■ **AVAILABLE DATA**:
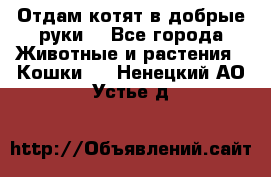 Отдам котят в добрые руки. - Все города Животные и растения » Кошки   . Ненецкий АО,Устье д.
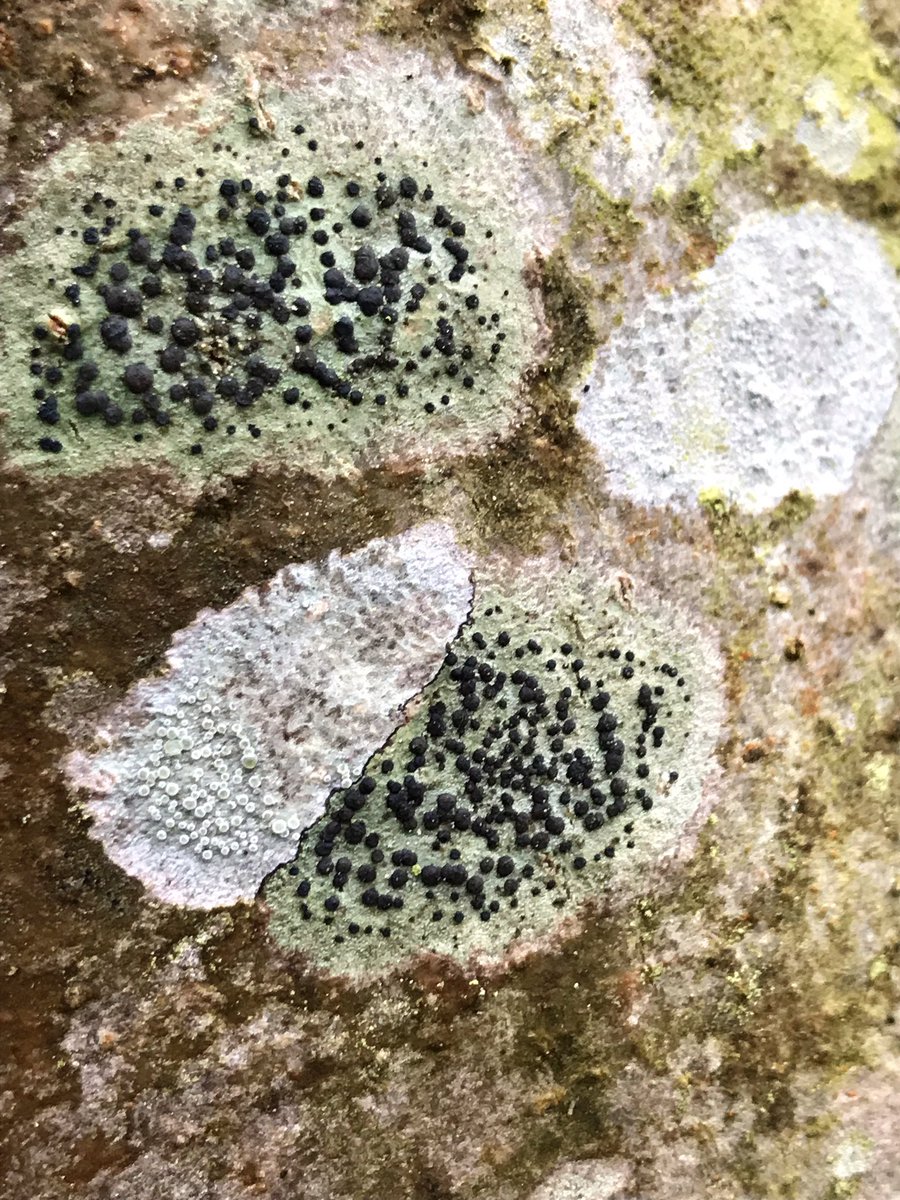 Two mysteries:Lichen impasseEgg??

---

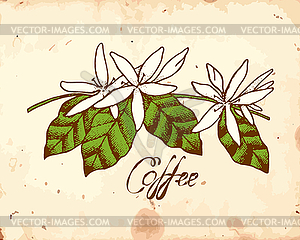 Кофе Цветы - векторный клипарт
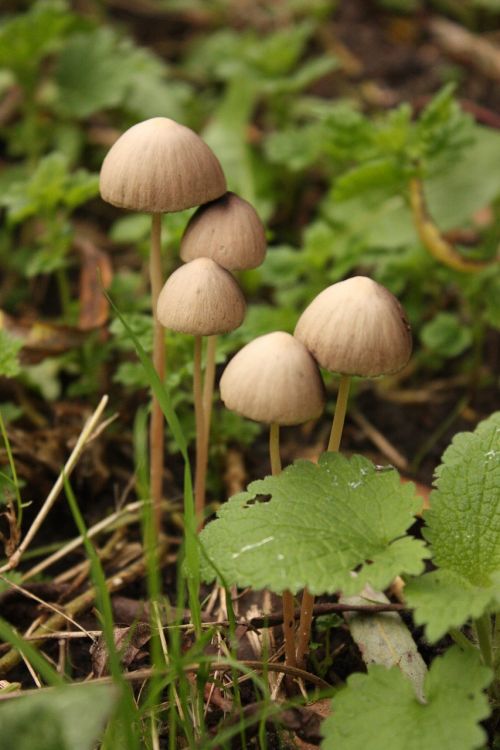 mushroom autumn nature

* * *

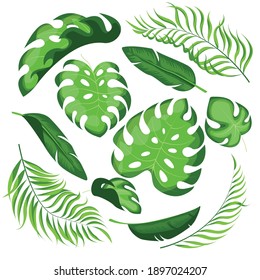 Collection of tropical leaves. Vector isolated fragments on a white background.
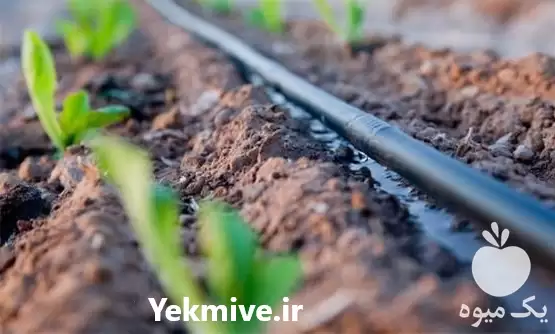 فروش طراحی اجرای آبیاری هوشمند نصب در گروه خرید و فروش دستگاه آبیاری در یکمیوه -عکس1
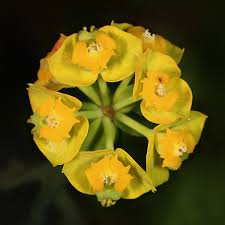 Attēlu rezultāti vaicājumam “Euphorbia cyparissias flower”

■ **WORK INSTRUCTIONS**: Word for word, restate the lines above from the one with "فروش طراحی اجرای" through the one with "Attēlu rezultāti vaicājumam", keeping both ends and dropping the pictures.

■ **REPLY TO THE TASK**:
 فروش طراحی اجرای آبیاری هوشمند نصب در گروه خرید و فروش دستگاه آبیاری در یکمیوه -عکس1
 Attēlu rezultāti vaicājumam “Euphorbia cyparissias flower”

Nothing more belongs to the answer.